Bolsonaro parece gostar de advogado só quando ele e familiares precisam deles

Escrevi nesta Folha, em outras oportunidades, artigos nos quais cobrava da entidade maior da sociedade civil, a Ordem dos Advogados do Brasil (OAB), uma postura mais assertiva, corajosa, contra as violações às prerrogativas dos advogados, ao Estado Democrático e de Direito e à liberdade de imprensa.

Nos últimos tempos, a OAB foi omissa em algumas situações de violações das prerrogativas profissionais e com decisões judiciais ilegais, mas que atendiam aos anseios de uma parcela da sociedade.

Para piorar, ainda ficou em silêncio com posturas arbitrárias de alguns representantes do Ministério Público contra investigados e advogados.

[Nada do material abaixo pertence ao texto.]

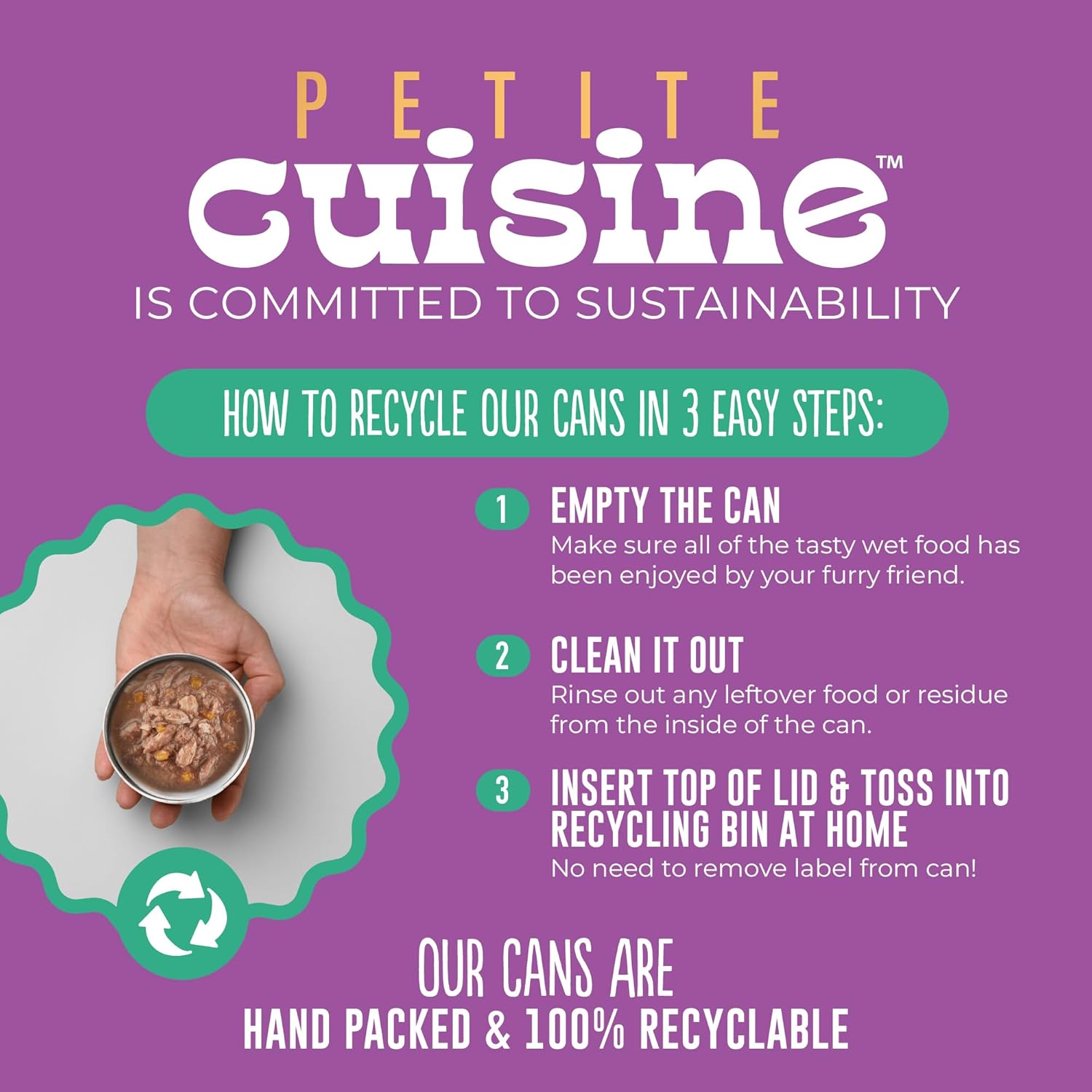 Whole Foods Wet Cat Food, Tuna, Pumpkin & Tilapia Entree in Broth, 2.8 oz. Can (24 Count)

A direção da entidade não cobrou da nossa Corte maior, o Supremo Tribunal Federal (STF), uma postura mais firme diante de tantas violações. A equivocada ideia de que os fins justificam os meios no combate ao crime se propagou por todo o país e explica esta omissão.

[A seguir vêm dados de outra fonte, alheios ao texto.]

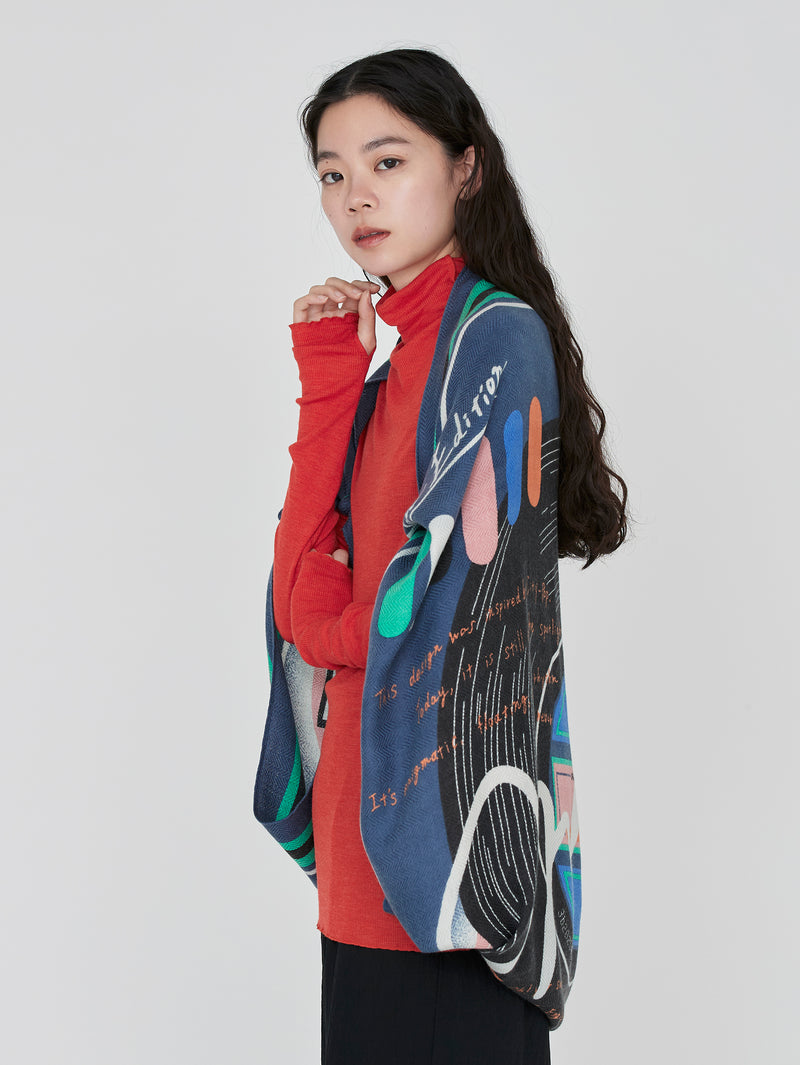 ＜ウールシルクストールヘリンボーン織120＞レコード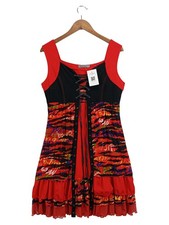 Franstyle Damen Festliches Kleid Gr. 38 Modern Mehrfarbig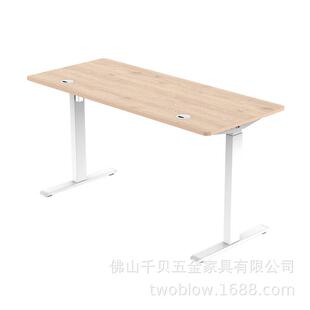 降升桌电动用降桌静音升降桌架脚架节单电机升升降桌智能家477现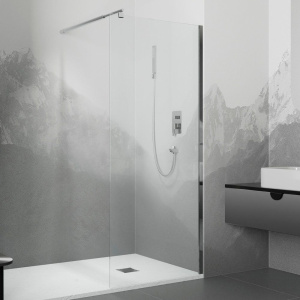 Душевая перегородка RGW Walk In WA-002 80x200, стекло прозрачное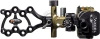 AXCEL ARMORTECH LITE - 41mm - 3 PIN .019 TACTICAL BOWHUNTING/BLACK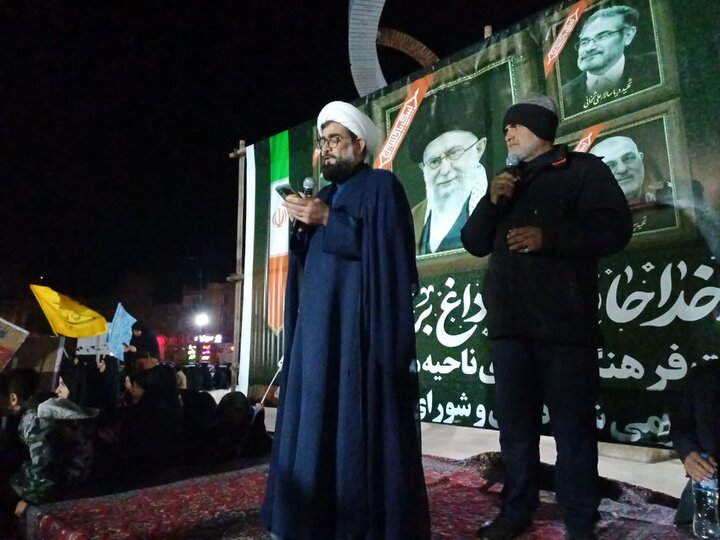 تصاویر/نوزدهمین گردهمایی باشکوه مردم شهرستان زرندیه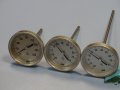 биметален термометър Wika thermometer ф100mm, 0/+400°C, -20/+80°C, L-80-230mm, снимка 10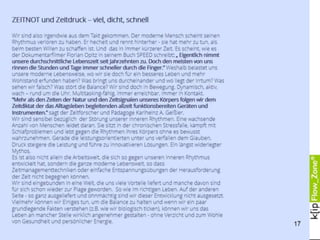 Studien zeigen: Führungskräfte sind ein hoch wirksamer Hebel für mehr
gesunde Leistungsfähigkeit im gesamten Unternehmen.
Führungskräften wird eine „Mitverantwortung“ für die Krankenstände
und steigende Zahl negativer psychosozialer Auswirkungen
zugeschrieben.
„Als (Mit-) Gestalter der Arbeitsbedingungen beeinflussen
Führungskräfte wesentlich das Wohlbefinden und die Gesundheit der
Beschäftigten. Führungskräfte, so zeigen verschiedene Studien, sind für
das Ausmaß von Arbeitsbehinderungen (bzw.
Regulationsbehinderungen) (mit-)verantwortlich und als Folge davon
auch für die psychischen Beanspruchungen und das Wohlbefinden ihrer
Mitarbeiter(innen).“
(Gesundheitsbericht Spezial des Ministeriums für Arbeit, Gesundheit
und Soziales des Landes Nordrhein-Westfalen 2009)
Der Medizinsoziologe Bernhard Badura stellt fest: „Der direkte
Vorgesetzte ist die vielleicht wichtigste Person in einer Organisation,
wenn es um die Gesundheit der ihm anvertrauten Mitarbeiterinnen und
Mitarbeiter geht. Er oder sie ist mitverantwortlich für das soziale Klima in
einer Abteilung, die Arbeitsbedingungen, den Arbeitseinsatz, die faire
Beurteilung der Untergebenen und die Anerkennung ihrer Leistungen.“
Badura et.al (2008): Sozialkapital, S. 133.
17
 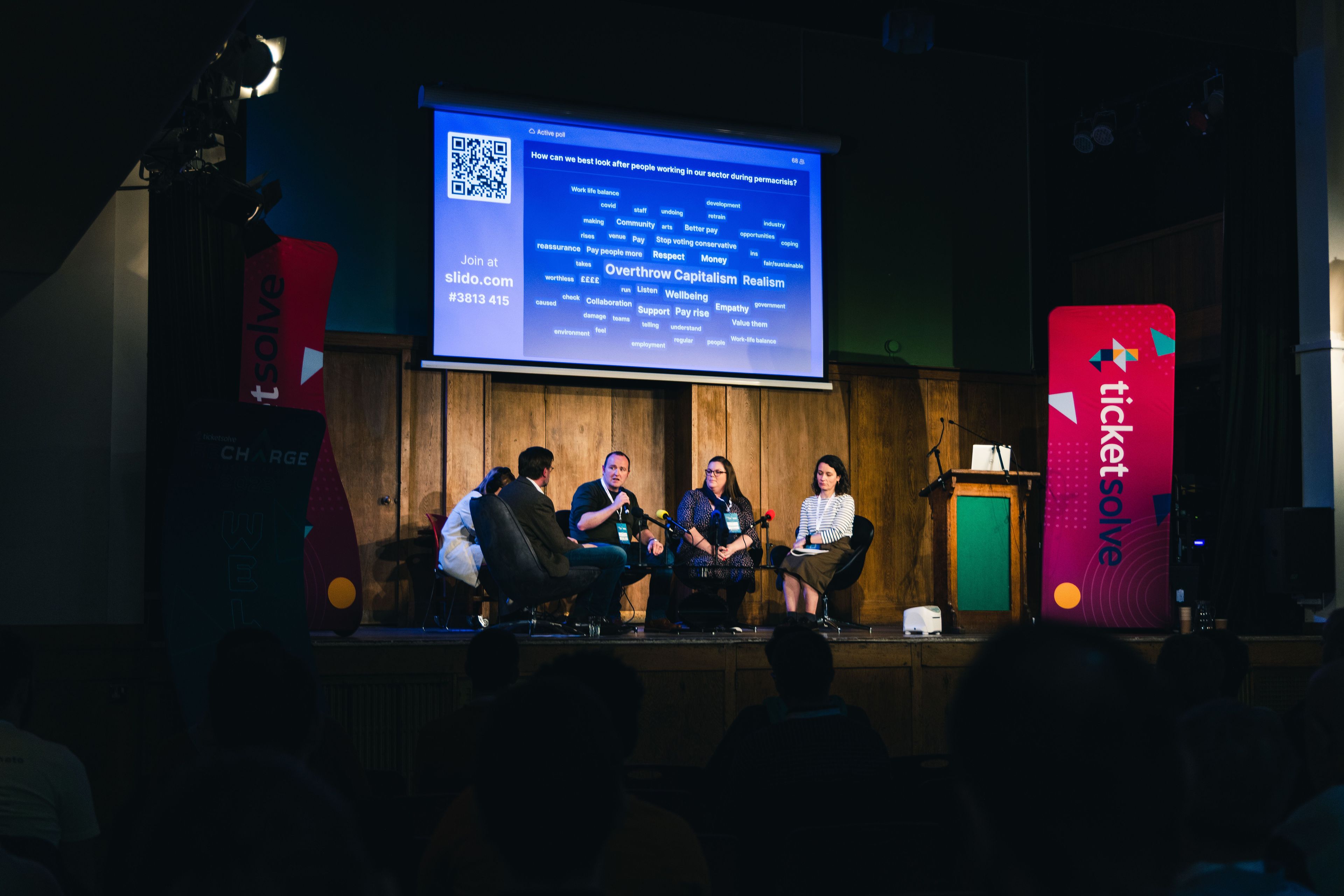 Ticketsolve Features - Projects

Nunca estive com o atual presidente Felipe Santa Cruz —só o conhecia de nome quando ele exercia a Presidência da Seccional da OAB do Rio de Janeiro, mas ele já deu mostras de que a OAB está nacionalmente representada à altura.

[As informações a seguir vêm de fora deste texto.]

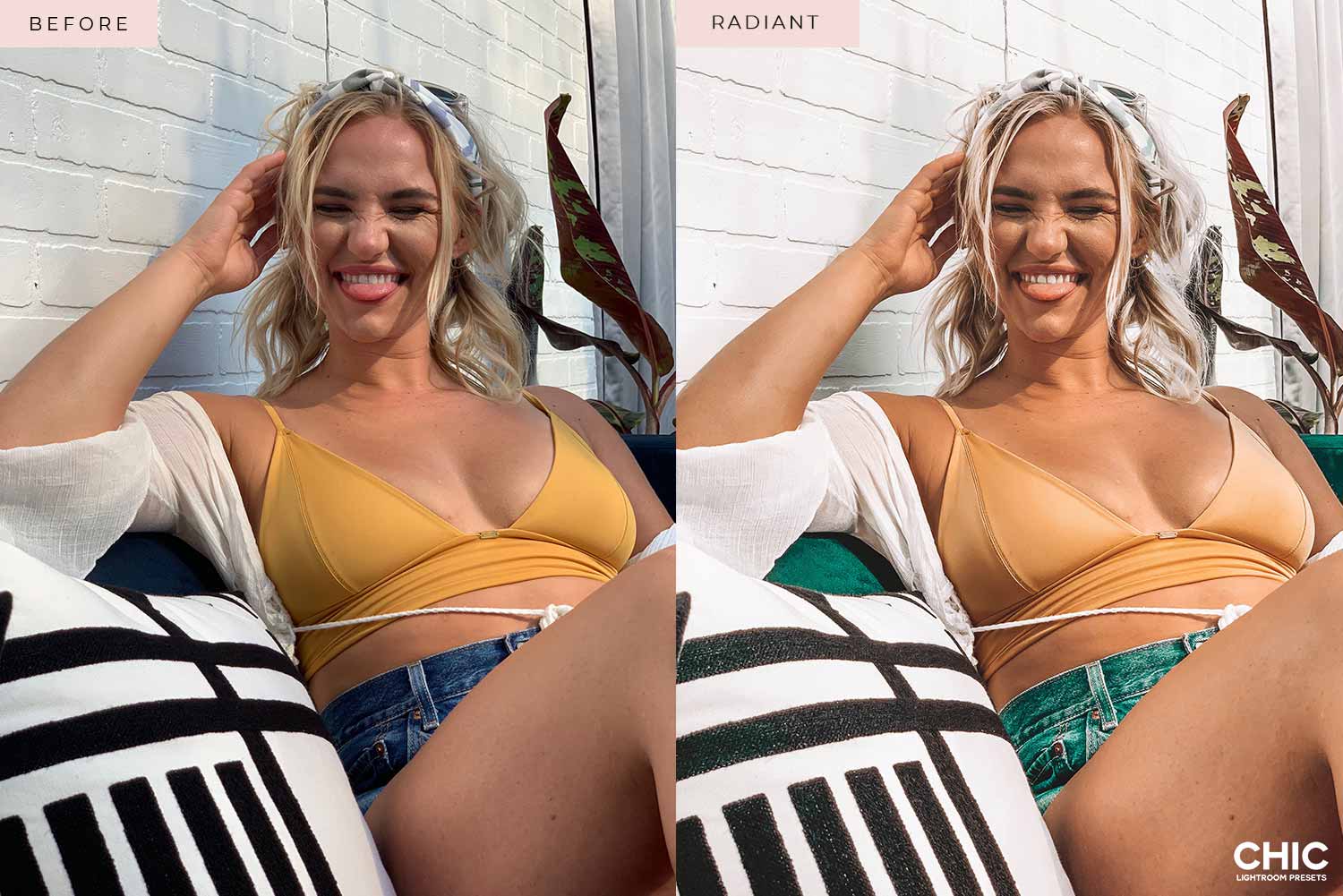 Chic Lightroom Presets The Mik Zazon Collection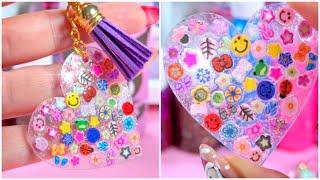 HEART KEY CHAIN IDEA #shorts #youtubeshorts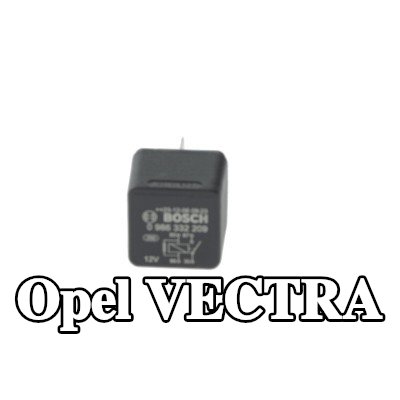 BOSCH مرحل التيار الرئيسي — Opel Vectra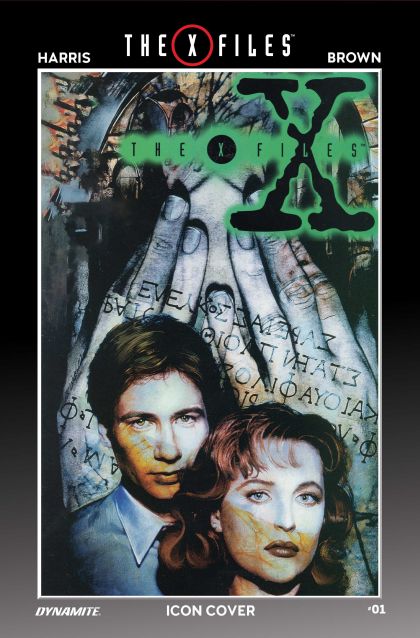 X-Files #1 Cvr E Icon - M - ENG - PROMO 1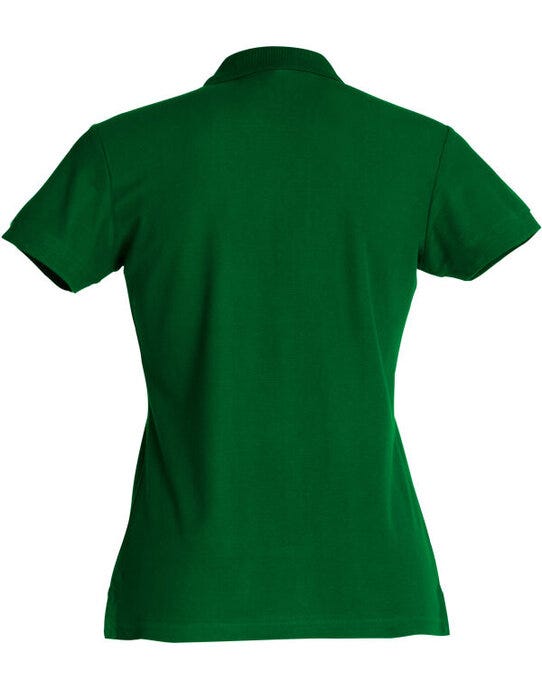 Clique CQ028231 Ladies Basic Polo - Bottle Green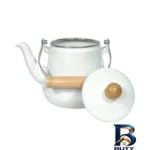 نمای جزئیات کتری مدل لعابی کد P۰۷ گنجایش ۱.۵ لیتر اصل پرداخت و جزئیات مواد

Desde sua posse, a entidade segue nos bons passos da velha e respeitada OAB de Raimundo Faoro, José Roberto Batochio, Márcio Thomaz Bastos e Mariz de Oliveira.

Na investigação sobre a tentativa de assassinato de Bolsonaro, a OAB corretamente interveio contra a ilegal busca e apreensão no escritório do advogado que defendia o acusado Adélio Bispo.

Investigar o advogado do investigado é uma das maiores violências contra o direito de defesa. O Tribunal Regional da 1ª Região reconheceu o direito à imunidade do advogado no exercício da advocacia.

Confrontando a atuação da OAB e do próprio Poder Judiciário, que lhe deu razão, Bolsonaro fez pouco caso da advocacia (“quem é essa OAB?”) para, em seguida, ultrapassando os limites do horror, atacar o Presidente da OAB zombando da morte seu pai.

A cruel e criminosa fala do presidente da República mereceu uma resposta firme, dura, do atual bâtonnier da advocacia. A decisão de interpelar Jair Bolsonaro no Supremo Tribunal Federal mostra a coragem do nosso líder maior.

Bolsonaro parece gostar de advogado apenas quando ele e seus familiares precisam deles. Contratou um dos mais respeitados criminalistas deste país, Antônio Sergio Pitombo, para defendê-lo perante o STF. É de se lembrar também o episódio em que o defensor de seu filho obteve importante vitória no mesmo tribunal.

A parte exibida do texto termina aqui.